### COLLECTED DATA
::::::
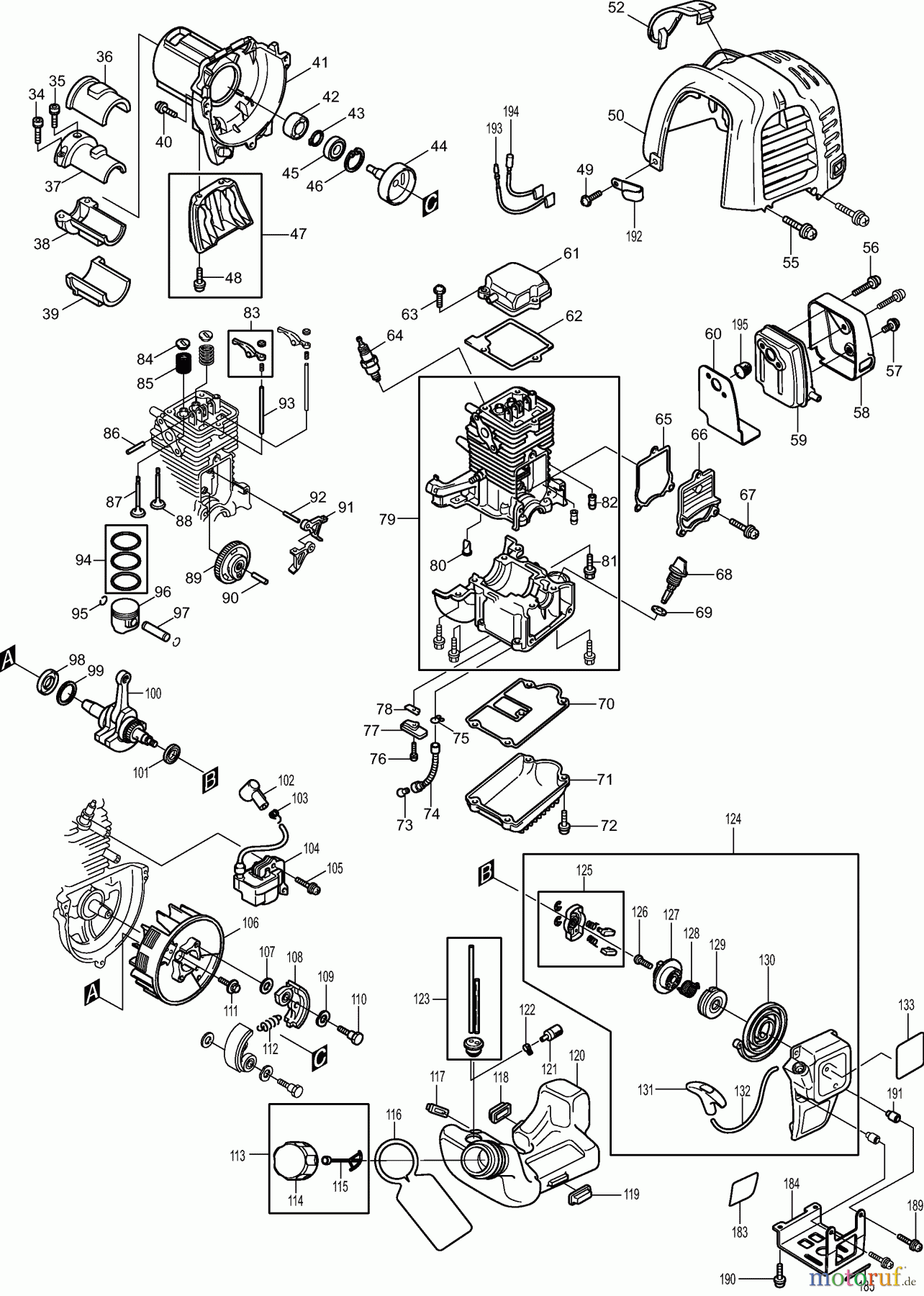  Dolmar Motorsensen & Trimmer Benzin 4-Takt MS2454CE 3  Kurbelgehäuse, Zylinder, Zündung, Schalldämpfer, Kraftstofftank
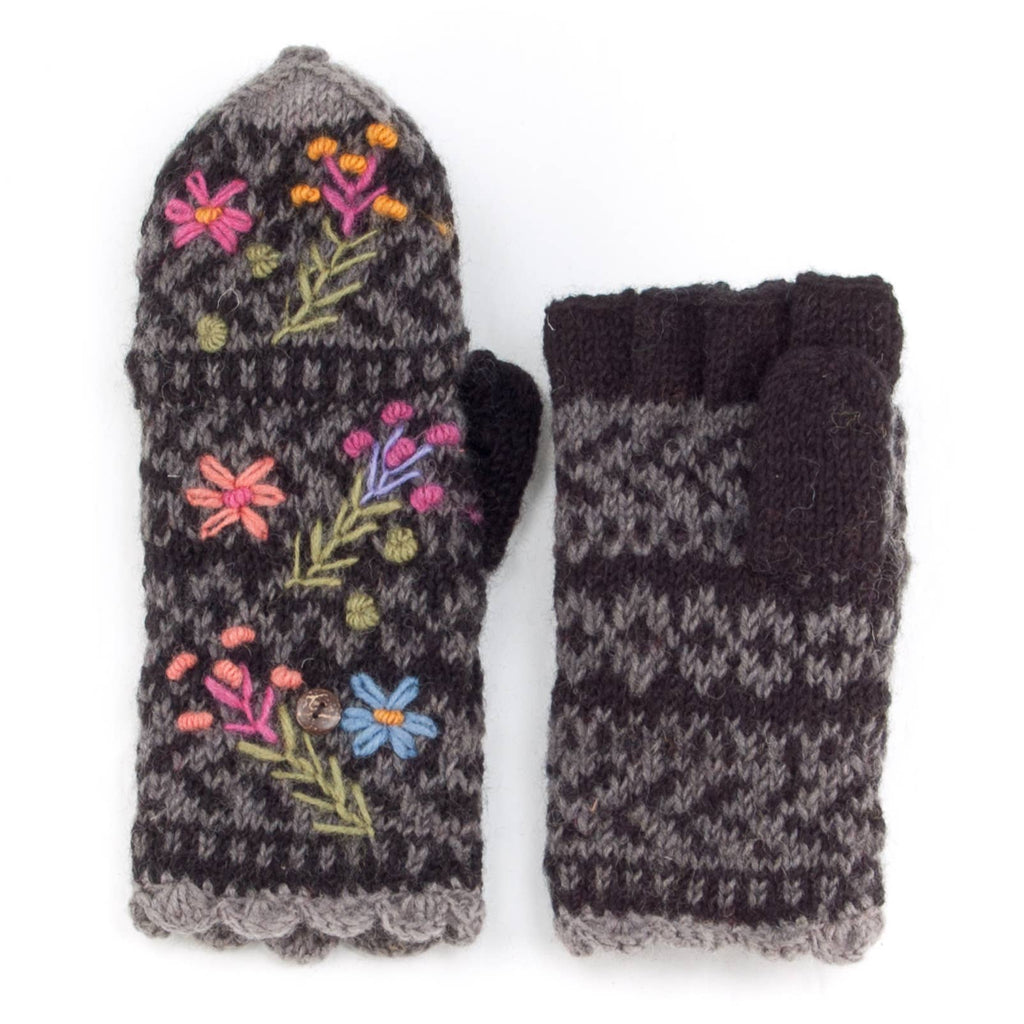 Sadie Wool Convertible Mittens with Embroidery: Light Natural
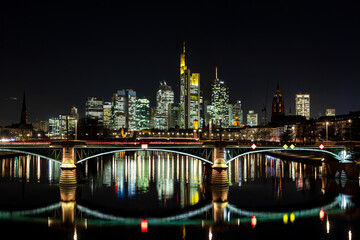 Fototapeta na wymiar Panorama of the skyline Frankfurt am Main at twilight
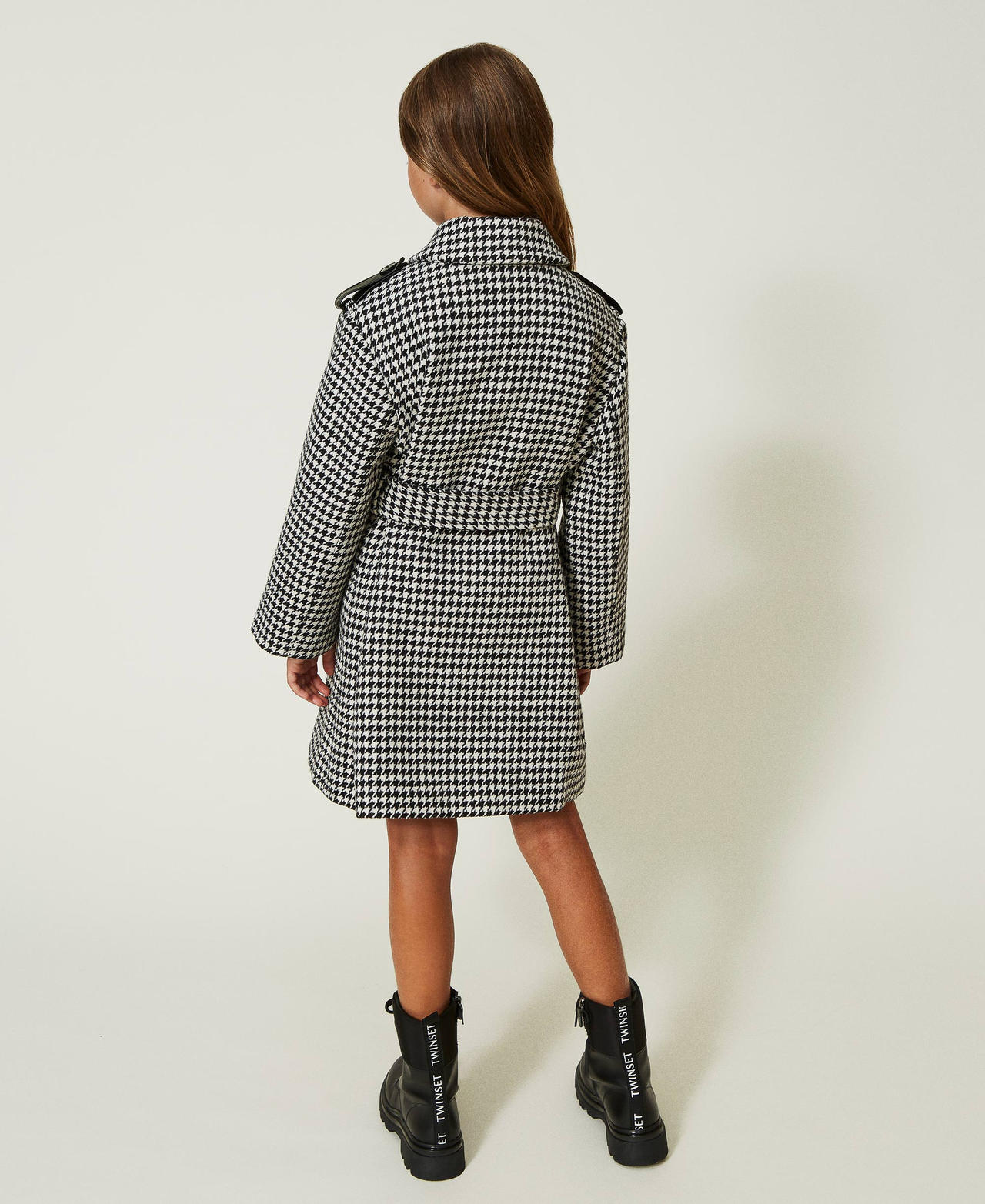 Houndstooth wool cloth coat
::::::
### WHAT YOU WILL DO
Everything from the line with "Sadie Wool Convertible" through the last line above should be reproduced exactly, both ends included; pictures must be omitted.

### THE ANSWER
 Sadie Wool Convertible Mittens with Embroidery: Light Natural
 Fototapeta na wymiar Panorama of the skyline Frankfurt am Main at twilight
 Houndstooth wool cloth coat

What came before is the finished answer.